Alexis Hernandez

(2nd year student, 2021)

Alexis Hernandez is working with Dr. Santiago Morales. Her current research interests are in emotion regulation, psychophysiology, and psychopathology in early childhood.

Alexandra Little

(entered in 2020)

Alexandra Little is working with Dr. Henrike Moll. Alexandra got her Master’s Degree in Applied Behavior Analysis at USC. Her current research interests include social-cognitive development in toddlers and preschoolers, as well as how children identify others as potential sources of knowledge. 

Ellyn Pueschel

(entered in 2019)

Elly Pueschel’s research interest is in the intersection of early social cognition and education. She is working with Dr. Henrike Moll in the Minds in Development (MIDLA) labexamining how preschool-age children understand teaching and how they themselves take on the role of a teacher. She is also working with Dr.

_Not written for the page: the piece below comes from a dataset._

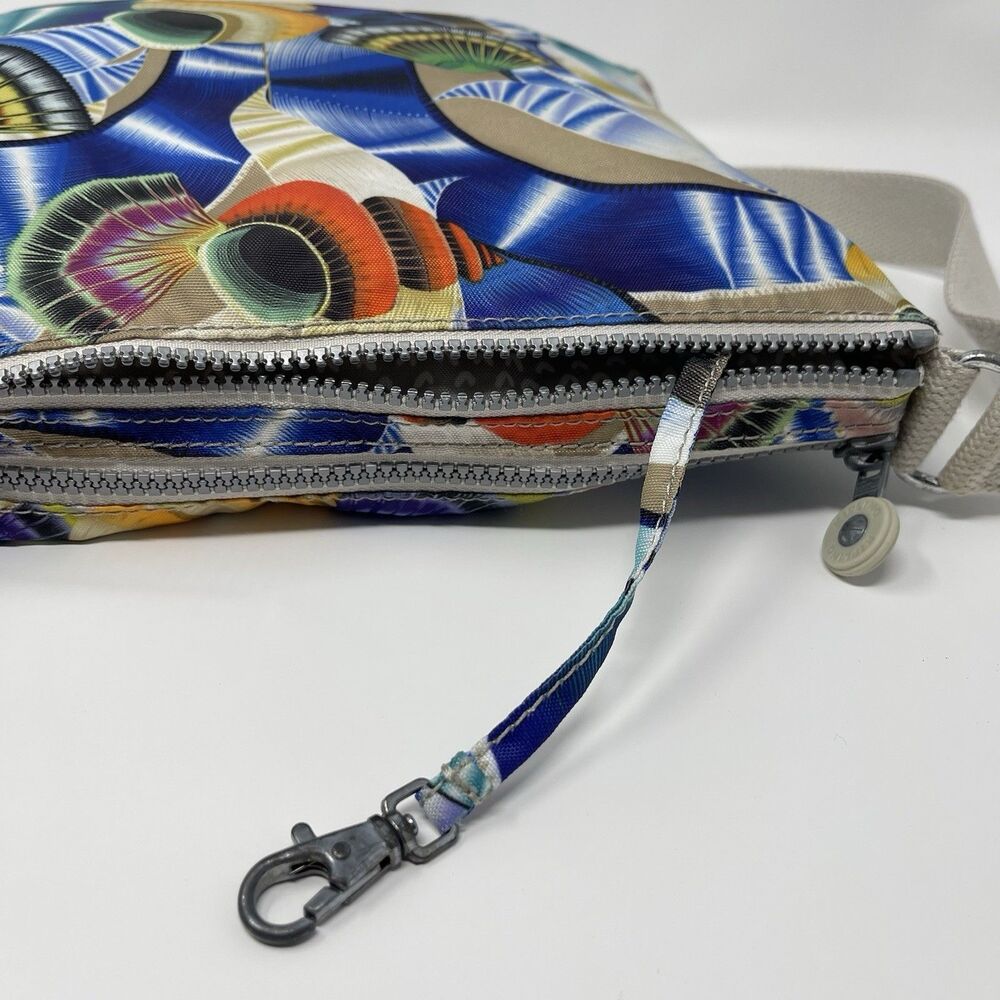 KIPLING Alvar Crossbody Bag Colorful Sea Shells Print Blue Zipper Pockets Fun - Picture 3 of 10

Mary Helen Immordino-Yang at the USC Center for Affective Neuroscience, Development, Learning, and Education (CANDLE)investigating how pedagogy impacts the ways in which children monitor and react to their own errors.  

Gina Nadaya

(2nd year student, 2021)

Gina Nadaya is working with Dr. Santiago Morales and Dr. Mary Helen Immordino-Yang. Her research interests focus on how cultural factors and early life adversity impact the developmental outcomes (e.g., brain development, psychosocial adjustment, and academic outcomes) of ethnic minority students. 

Helen Lu

(entered in 2019)

Helen Shiyang Lu is working with Dr. Toby Mintz in the USC Language Development Lab. Her current research interests are in statistical learning and language acquisition. She studies the cognitive mechanisms that support infants’ and toddlers’ language acquisition, as well as the similarities and differences between those that support learning in other domains.  

Jinsol Chung

Jinsol is working with Dr. David Schwartz. Her current research interests are antecedents of adolescents’ prosocial and aggressive behaviors both in online and offline contexts and how they differ across cultures. Before coming to USC, she worked as a school counselor in South Korea.

Leslie Taylor

Leslie is working with Dr. David Schwartz. Her research interests include adolescent social media use and influencer culture, online health and wellness misinformation, and social origins of depression and anxiety. She is also interested in the role of gender identity in social development and interpersonal communication.

Minci Zhang

(2nd year student, 2021)

Minci is working with Dr. David Schwartz. Her research interests are the construction of popularity and behavioral correlates of high-status youth in Eastern Asia, and the impact of bullying and victimization on youth’s mental health across cultures. 

Qianhui (Vicky) Ni

(entered in 2020)

Vicky is working with Dr. Henrike Moll. She is interested in children’s social cognition. Specifically, she wants to explore how children understand others’ intentions and beliefs, as well as their influences on subsequent behaviors. 

Wani Qiu

(2nd year student, 2021)

Wani Qiu is working with Dr. Henrike  Moll. Her current interests are children’s social-cognitive development and their understanding of teaching. Prior to coming to USC, she was a Pre-K and Second-Grade classroom teacher.  

Wenyi (Echo) Xu

Echo is working with Dr. Santiago Morales. Her current research interests are exploring how children process social information, as well as finding predictors for childhood psychopathology. She hopes to intergrate behavior and neuroscience measures to understand the development of emotion and emotion regulation.

Xiaoye Xu

Xiaoye Xu is a Postdoctoral Scholar working with Dr. Santiago Morales. She received her Ph.D. in Family and Human Development, with specialization in Measurement and Statistical Analysis from Arizona State University, working with Drs. Tracy Spinrad and Nancy Eisenberg. Xiaoye received her M.A. in Social Psychology from San Francisco State University, and her B.A. in Psychology from Smith College. She is interested in examining the relations between parental behaviors and children’s self-regulation, potential mediators and moderators in the relations, and outcomes of self-regulation like children’s prosocial behavior or psychopathology. She is also interested in using a multi-method approach including questionnaire, behavioral, physiological, and neuroimaging methods to study regulatory processes and related outcomes across development. Her dissertation was a meta-analysis on bidirectional relations between parenting behaviors and children’s effortful control.

Zoey Lyu

Zoey is a Doctoral student working with Dr. Toby Mintz in the USC Language Development Lab. She graduated from Teachers College Columbia University with a Master’s degree in developmental psychology in 2021. Her research interests focus on child language development, especially the role of statistical learning in different aspects of early language acquisition, including word segmentation and object-word mapping.